Benda v. Grand Lodge of Int’l. Ass’n, 584 F.2d 308, 315 (9th Cir. 1978). Benda thus establishes that the necessary showing of likelihood of success on the merits decreases as the balance of hardships increases in favor of the movant. As the Seventh Circuit said in A. O. Smith, the alternate test posed in Inglis means “not that ultimate success is no longer a factor, but that if the harm to the [movant] is sufficiently serious, the factor of likelihood of success on the merits diminishes in importance in the equitable balancing process.” 545 F.2d at 1098.

The Cities argued to the district court that the equities and the balance of harm required issuance of a preliminary injunction. Having heard testimony pertaining to those matters, the district court concluded that the Cities’ showing of likely success on the merits was insufficient to warrant a preliminary injunction. Whether we employ the traditional criteria enunciated in Sierra Club or the Benda sliding scale, the showing of likely success on the merits is not sufficiently robust for us to conclude that the district court abused its discretion in refusing to issue a preliminary injunction.

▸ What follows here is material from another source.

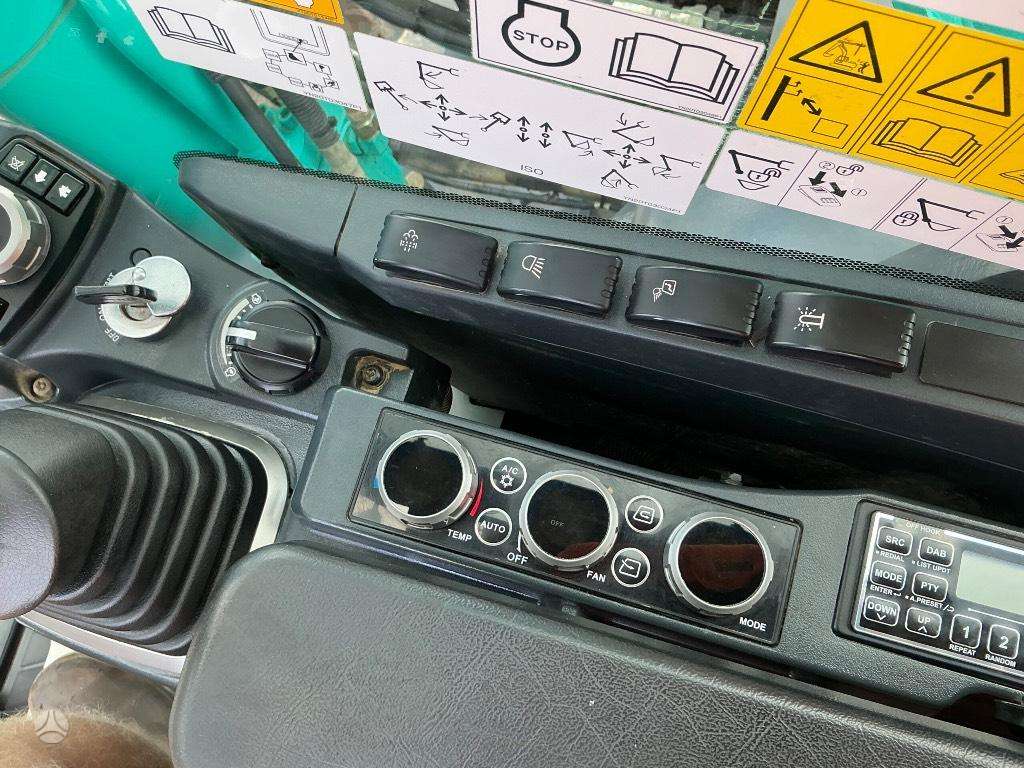 Kobelco SK 210 LC, ekskavatoriai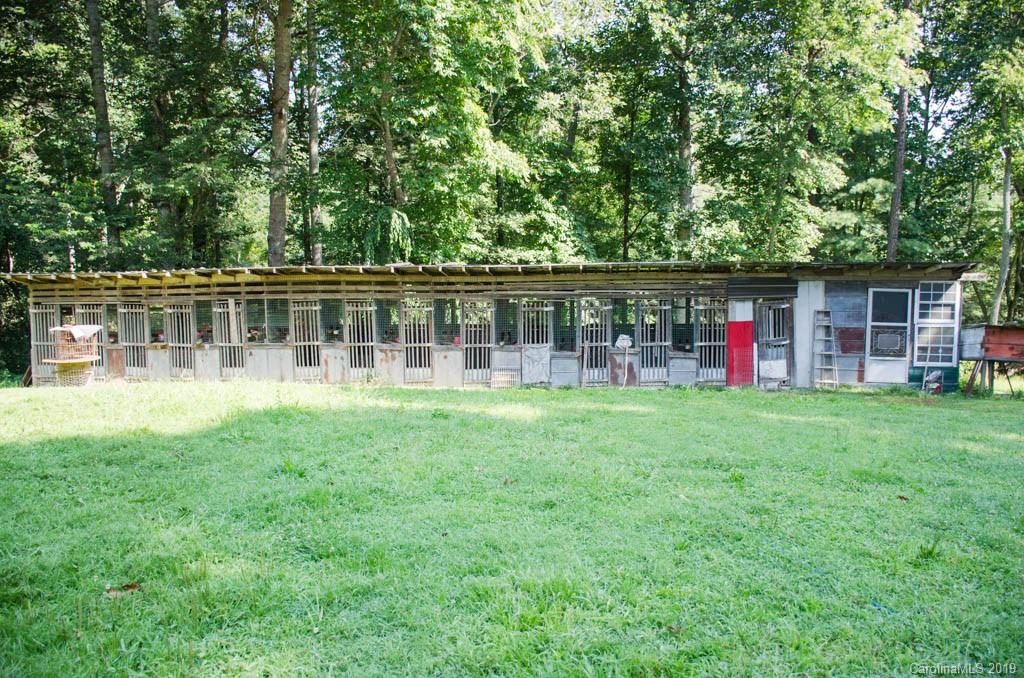 1086 Oleta Road Hendersonville, NC 28792 - Photo 9 of 25 Gallery Image 9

. Section 485h(c) also prohibits the Secretary from entering into contracts that will “impair the efficiency of the project for irrigation purposes.” The Santa Clara court remanded to the district court to allow, inter alia, the Secretary to raise the claim that a contract with Santa Clara would have contravened this provision.

. Santa Clara noted that the Clark Hill opinion interpreted a preference provision of the Flood Control Act of 1944 “almost identical to that contained in the Reclamation Project Act of 1039.” 572 F.2d at 670 n. 6. As noted supra note 1, the Reclamation Act preference provision is incorporated into the Colorado River Project Act.

. The importance of the existence of competing offers is underscored by the Attorney General’s distinguishing of an earlier opinion on that basis. In Clark Hill the Attorney General wrote:

Nor do I regard my position as in conflict with that taken by Acting Attorney General Fowler in 1913 in connection with section 5 of the act of April 16, 1906 . . which authorized the Secretary of the Interior “to lease” surplus power “giving preference to municipal purposes.” [Citation omitted.] There, it was held that the Secretary was *290authorized to lease such power to a private company; but it does not appear, as here, that the Secretary was faced with choosing between conñicting offers made by a preference user and a nonpreference user.

41 Op.Att’y Gen. at 250-51 (emphasis added).